Your assignment: With pictures left out, output word for word the lines from the one containing "Bu həftə sərt" through the end of the material below.

Start of Dataset excerpts

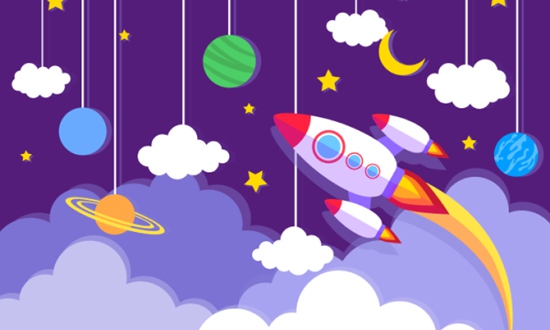 九江民办中专中职学校排名榜（2025年最新）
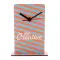 Custom Table Clock - BeTime Desk - Anteprima 7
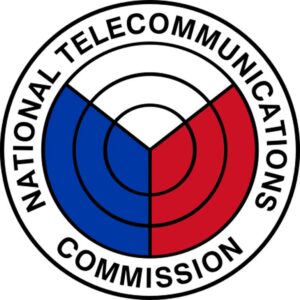 NTC to telco entities: Ensure continuity of services in areas affected by ‘Kristine’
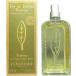 ロクシタン L'OCCITANE ヴァーベナ オードトワレ 100ml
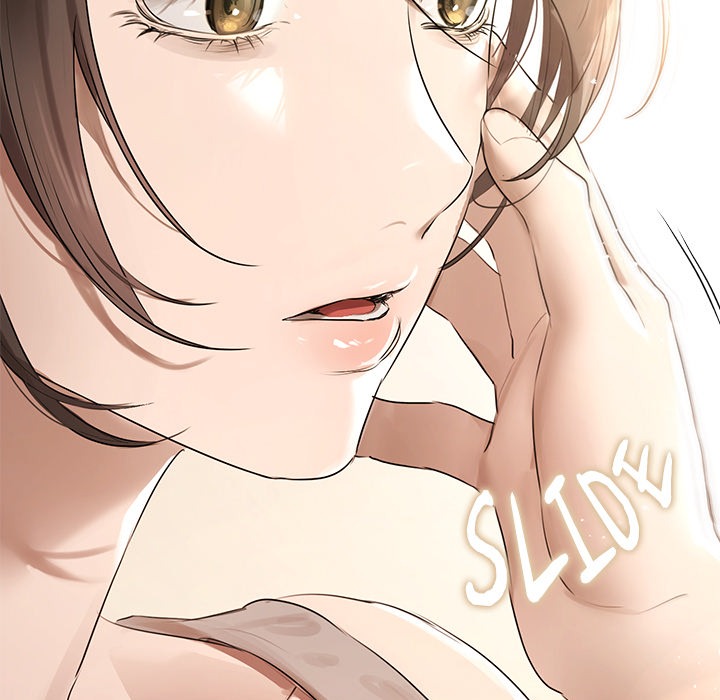 Chained to Poverty Page 115 - MangaHe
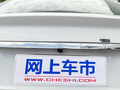 帝豪GL 圖片
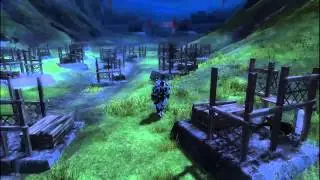 GW2 Next Level Strategy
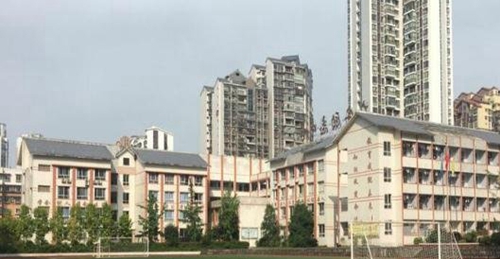 广安大川铁路运输学校开设了哪些专业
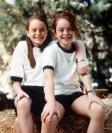 alyssamarieramos Ã¬ÉÂ¢Ã¬Çâ¬Ç¬Ã¬ÇÂ¢ The Parent Trap (Lindsay Lohan)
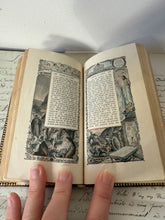 Load image into Gallery viewer, French Missel 1934
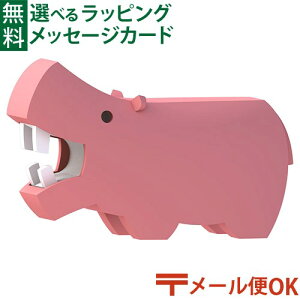 LP[OK HALFTOYSin[tgCYj qb|  3 }Olbg  g ̃pY tBMA V  q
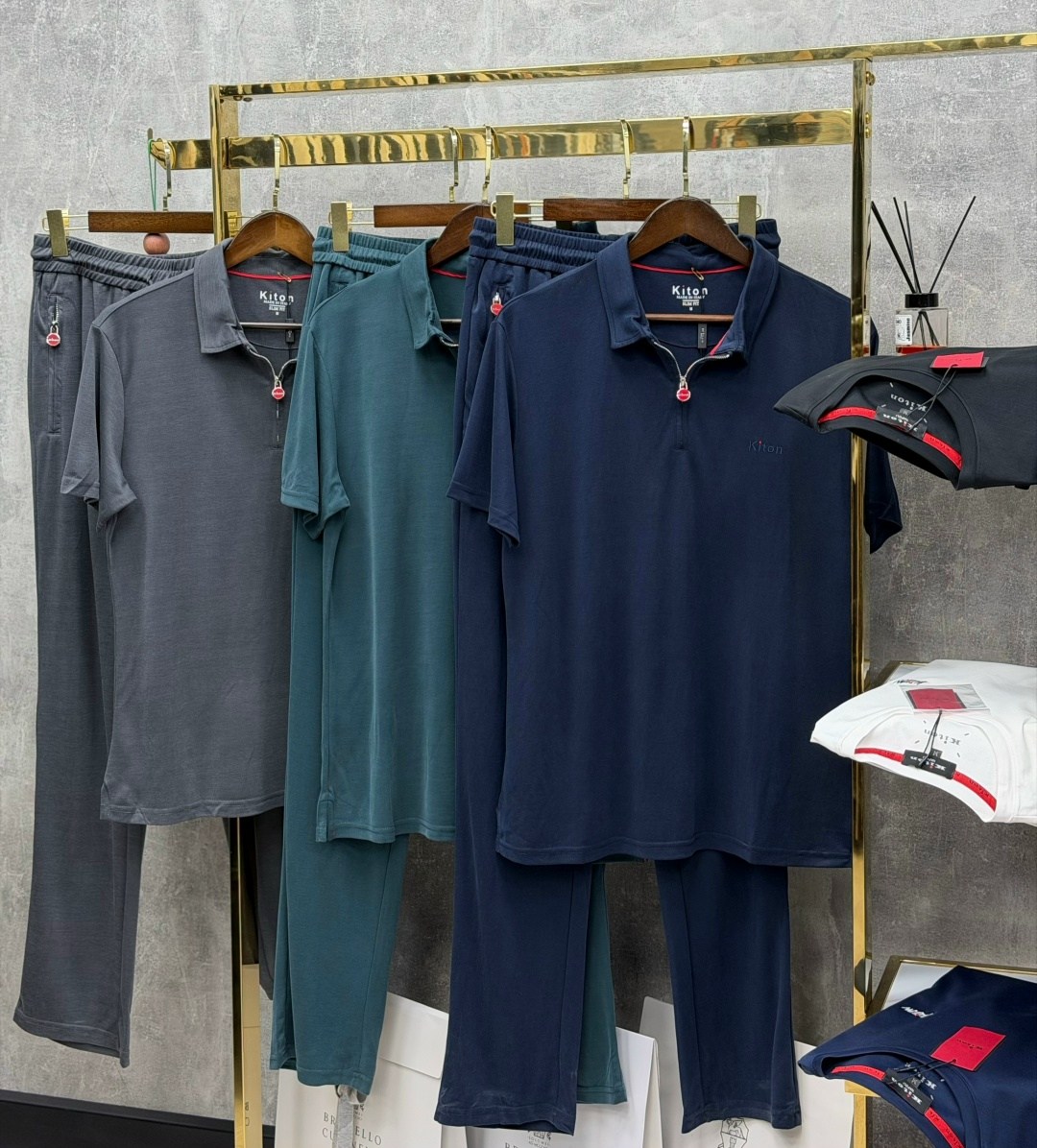 спортивные костюмы мужские,повседневный костюм,костюм мужской,спортивные костюм,костюм со штанами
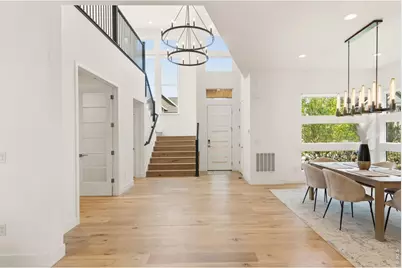 6121 Chester St, Denver, CO 80238 - Photo 5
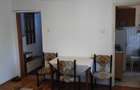Inchiriez apartament cu 2 camere - 1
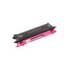 Brother Toner TN-130M 1500 sidor Brother Toner TN-130M 1500 sidor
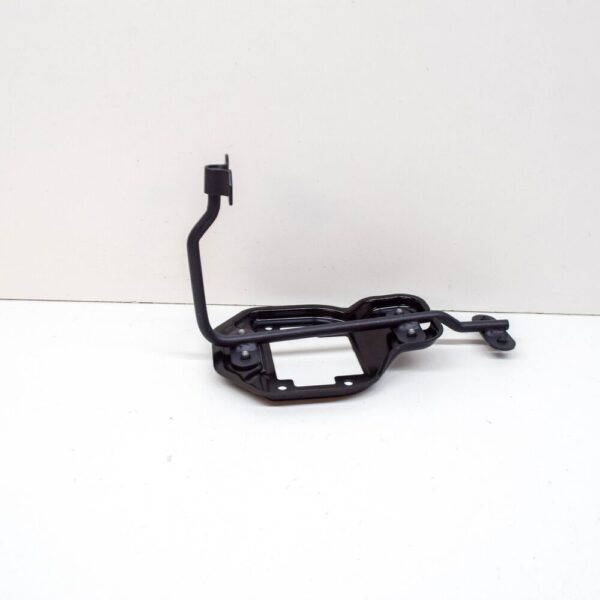 A2048900432 - MB GLK X204 Front Center Support Guard Elbow A2048900432 NEW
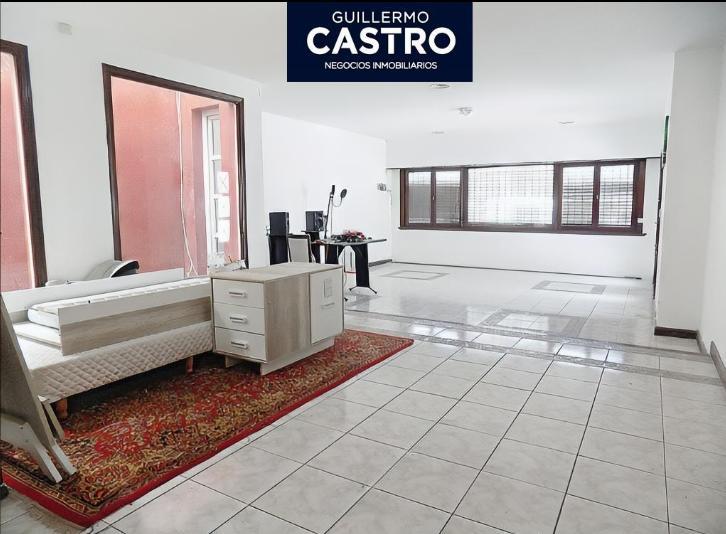 Casa en Venta, Sobre Lote de 375 m². Loma Stella Maris. Mar del Plata. 3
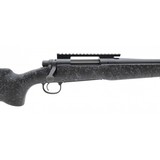"Remington 700 Long Range 30-06 (R29801)" - 3 of 4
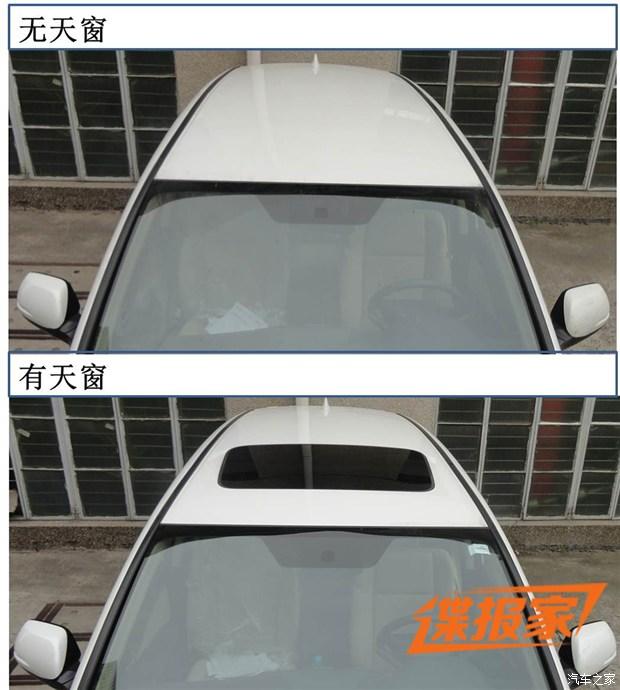 ����֮��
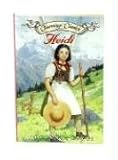 Heidi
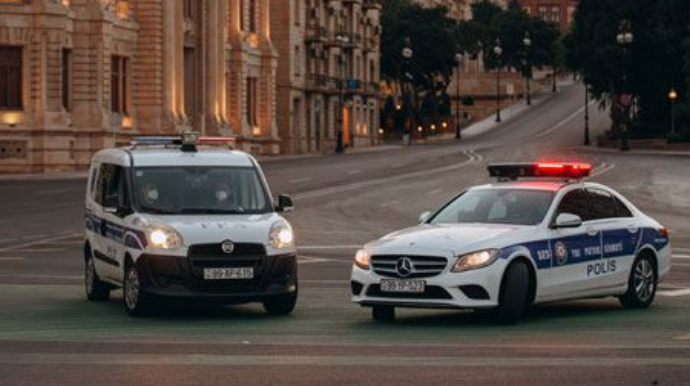 Bu həftə sərt karantin rejimi necə tətbiq olunacaq? - RƏSMİ AÇIQLAMA 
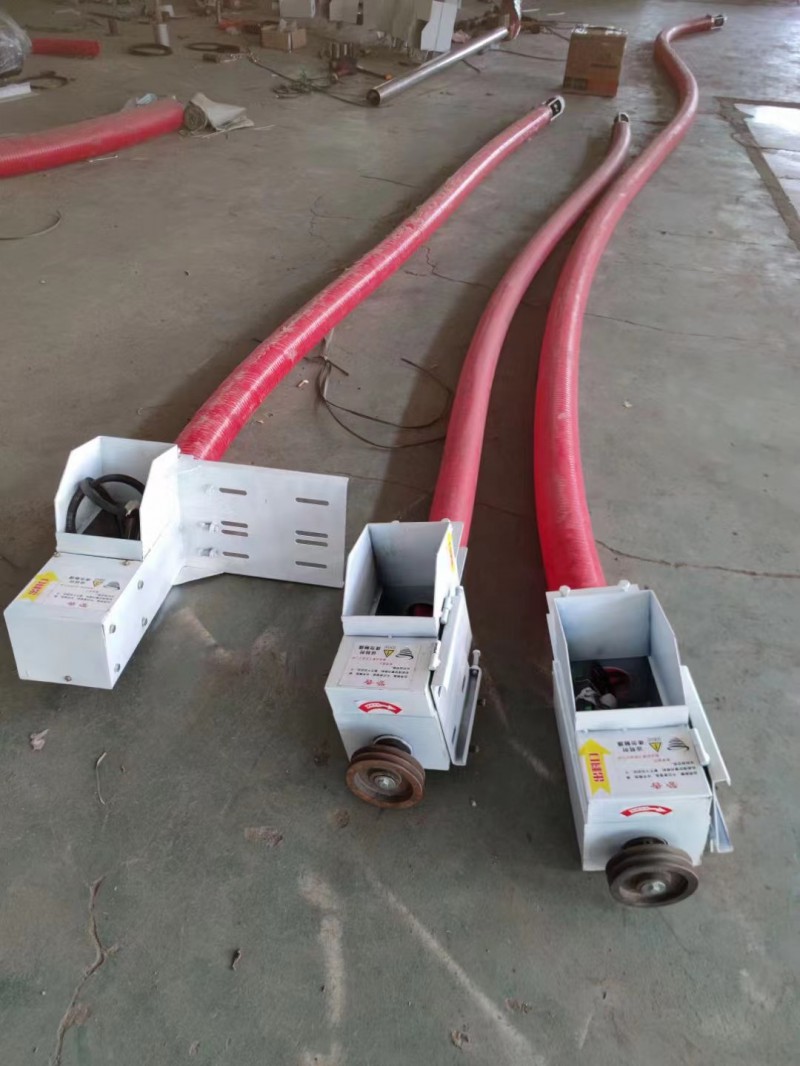 Summer beach concept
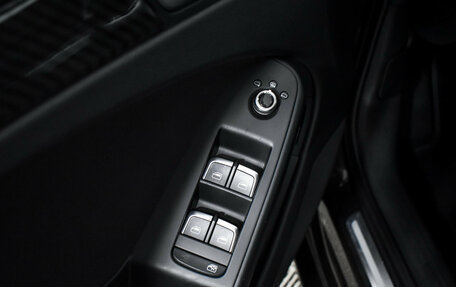 Audi A4, 2013 год, 1 147 900 рублей, 11 фотография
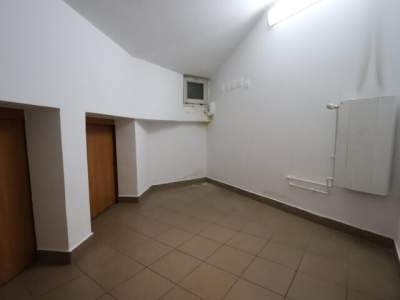         Commercial for Rent , Ostrołęka, Mikołaja Kopernika | 40 mkw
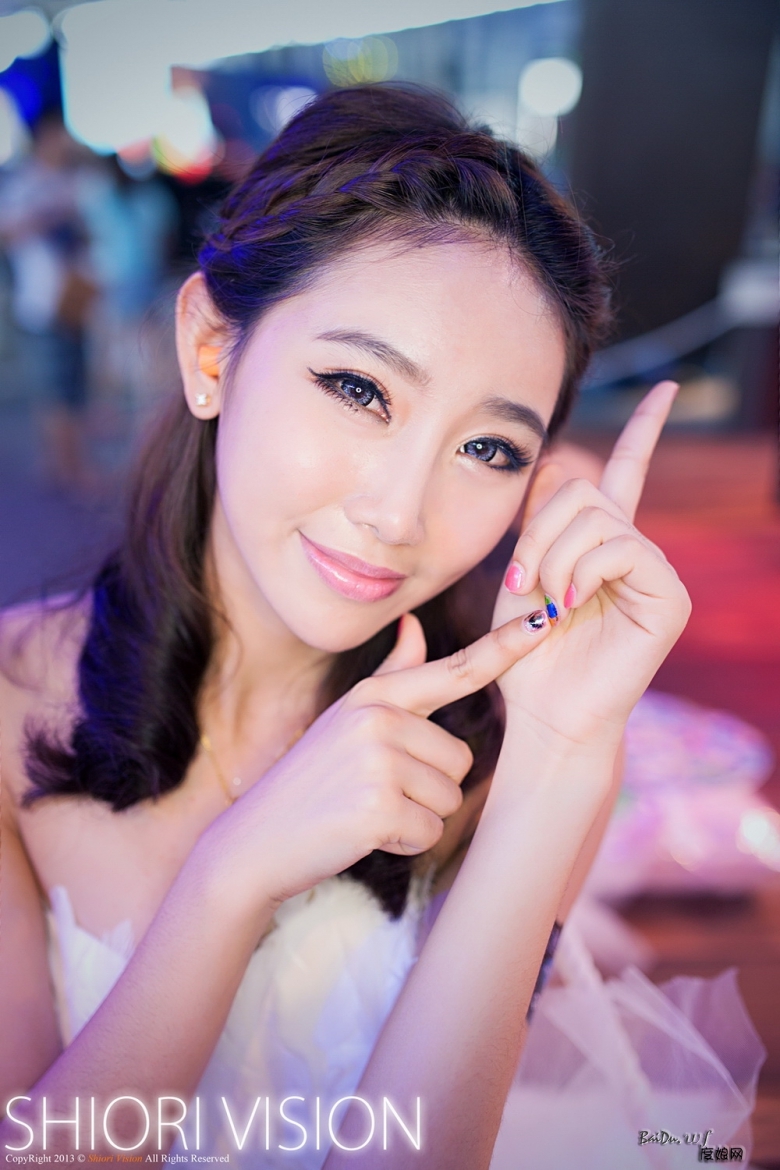 221009pgh1nfpppuftux6n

End of Dataset excerpts

Response to this exercise:
 Bu həftə sərt karantin rejimi necə tətbiq olunacaq? - RƏSMİ AÇIQLAMA 
 Summer beach concept
 Audi A4, 2013 год, 1 147 900 рублей, 11 фотография
         Commercial for Rent , Ostrołęka, Mikołaja Kopernika | 40 mkw
 221009pgh1nfpppuftux6n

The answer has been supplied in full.